Repository files navigation

hw-preflight

hw-preflight is a Linux hardware pre-flight check runner: 24 checks across CPU, memory, disk, kernel, thermal, serial, network, GPIO, I2C, systemd, NVMe SMART, USB, RTC drift, IOMMU groups, VM overcommit, and SELinux mode, each emitting one of pass | fail | skip | unavailable. The runner produces a JSON and Markdown report with raw measured values, expected thresholds, and a failure-detail section. Checks read /proc, /sys, run a few standard binaries (ip, timedatectl, systemctl), talk to a serial device via pyserial, and (for CPUID feature flags) call into a small C++ helper compiled via CMake + pybind11.

What this studies

  • The four-state result model. Most validation tools collapse skip and unavailable. Keeping them distinct means a runner that lacks /sys/class/thermal is reported honestly as "unavailable", not fake-passed and not falsely failed. --exit-on-fail only triggers on fail, so missing optional hardware does not break a CI gate.
  • Hermetic CI for hardware code. Real /proc and /sys reads run on the GitHub Actions Linux runner; pyfakefs simulates kernel surfaces in unit tests; socat creates a virtual pty pair so the serial handshake can be reproduced without a USB dongle. Nothing is faked at the result layer — every check has a real implementation that runs against the host or against a documented mock.
  • Threshold versus availability. Numeric thresholds (RAM, disk, kernel version) emit fail when the host produced a measurement that didn't satisfy the bound. Presence checks (GPIO, I2C, serial) default to unavailable when the underlying device file is missing, since the absence of optional peripherals is not a failure.

Sample report

The table below is the actual output of hw-preflight run on the GitHub Actions ubuntu-24.04 runner (the JSON it came from is examples/sample-run.json, produced by the e2e job and committed verbatim).

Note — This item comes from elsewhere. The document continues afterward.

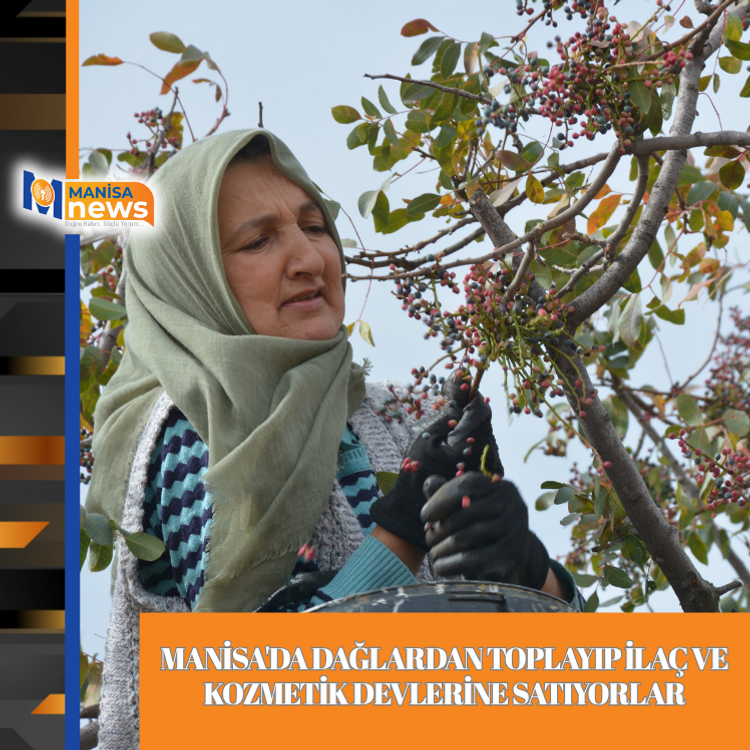 Manisa'da dağlardan toplayıp ilaç ve kozmetik devlerine satıyorlar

  • host: ubuntu-runner (kernel 6.17.0-1010-azure, 4 CPUs)
  • summary: 11 pass / 1 fail / 2 skip / 4 unavailable (18 total)
# Check Status Detail
1 clock_source PASS clocksource=tsc
2 cpu_count PASS cpu_count=4
3 cpu_features PASS 102 flags read from /proc/cpuinfo (C++ ext built in build-cpp job; the test-py job uses the Python fallback)
4 disk_free PASS 88.7 GiB free on /
5 gpio_chips UNAVAIL no gpiochips exposed
6 i2c_bus_present UNAVAIL no /dev/i2c-* nodes
7 kernel_module_loaded FAIL loop not loaded (Azure runner kernel ships it built-in, not as a module — adjust system.required_modules for tier)
8 kernel_version PASS release 6.17.0-1010-azure
9 loadavg_short PASS loadavg=1.28, 4 CPUs
10 memory_available PASS 14.6 GiB available
11 memory_total PASS 15.6 GiB total
12 network_default_route PASS 1 default route present
13 serial_handshake UNAVAIL /dev/ttyS0 exists but EACCES (runner not in dialout); the e2e job exercises the same code through socat with a real round-trip
14 serial_port_present PASS path=/dev/ttyS0
15 service_unit_active SKIP no service units configured
16 swap_disabled SKIP swap-disabled requirement not enforced
17 thermal_max UNAVAIL no thermal zones in /sys/class/thermal
18 time_sync PASS NTPSynchronized=yes

The single fail is honest: the default config requires the loop module, and the Azure runner kernel does not load it as a separate module. A real deployment changes system.required_modules to match its tier, or removes the constraint.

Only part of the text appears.